Wystające elementy studzienki znajdującej się na ścieżce rowerowej przy Trasie Toruńskiej były prawdopodobnie przyczyną wypadku nastolatka. Zakrwawionemu rowerzyście pomogli strażnicy miejscy, którzy patrolowali okolicę. Pogotowie zabrało 15-latka do szpitala.
W środę podczas patrolowania Targówka strażnicy miejscy z VI Oddziału Terenowego zauważyli młodego człowieka leżącego na ścieżce rowerowej. Przy chłopcu leżał rower i stały dwie osoby. Strażnicy podjęli interwencję.

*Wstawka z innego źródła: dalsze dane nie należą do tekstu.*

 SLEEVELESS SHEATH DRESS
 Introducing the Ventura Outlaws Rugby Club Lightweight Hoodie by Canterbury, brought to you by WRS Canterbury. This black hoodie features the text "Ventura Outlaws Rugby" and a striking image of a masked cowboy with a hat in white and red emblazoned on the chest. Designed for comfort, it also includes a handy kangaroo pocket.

"Rowerzysta miał zakrwawioną twarz, ale był przytomny. Jak wyjaśniał 15-latek, kiedy jechał po ścieżce rowerowej, zahaczył o wystający element studzienki, która znajdowała się na trasie jego przejazdu. Rower przewrócił się, a chłopak uderzył brodą o chodnik. Rana obficie krwawiła. Przechodnie poinformowali funkcjonariuszy, że wezwali już pogotowie ratunkowe. Do przyjazdu karetki strażnicy zaopiekowali się nastolatkiem. Udzielili mu pomocy przedmedycznej oraz zabezpieczyli kocem termicznym" - relacjonuje zdarzenie straż miejska.
Strażnicy powiadomili o zdarzeniu opiekunów chłopca. Kilkanaście minut później karetka zabrała go do szpitala dziecięcego, a przybyły na miejsce ojciec zabrał jego rzeczy i rower. "O zagrożeniu związanym ze studzienką na ścieżce rowerowej powiadomiono właściwe służby" - podsumowali strażnicy.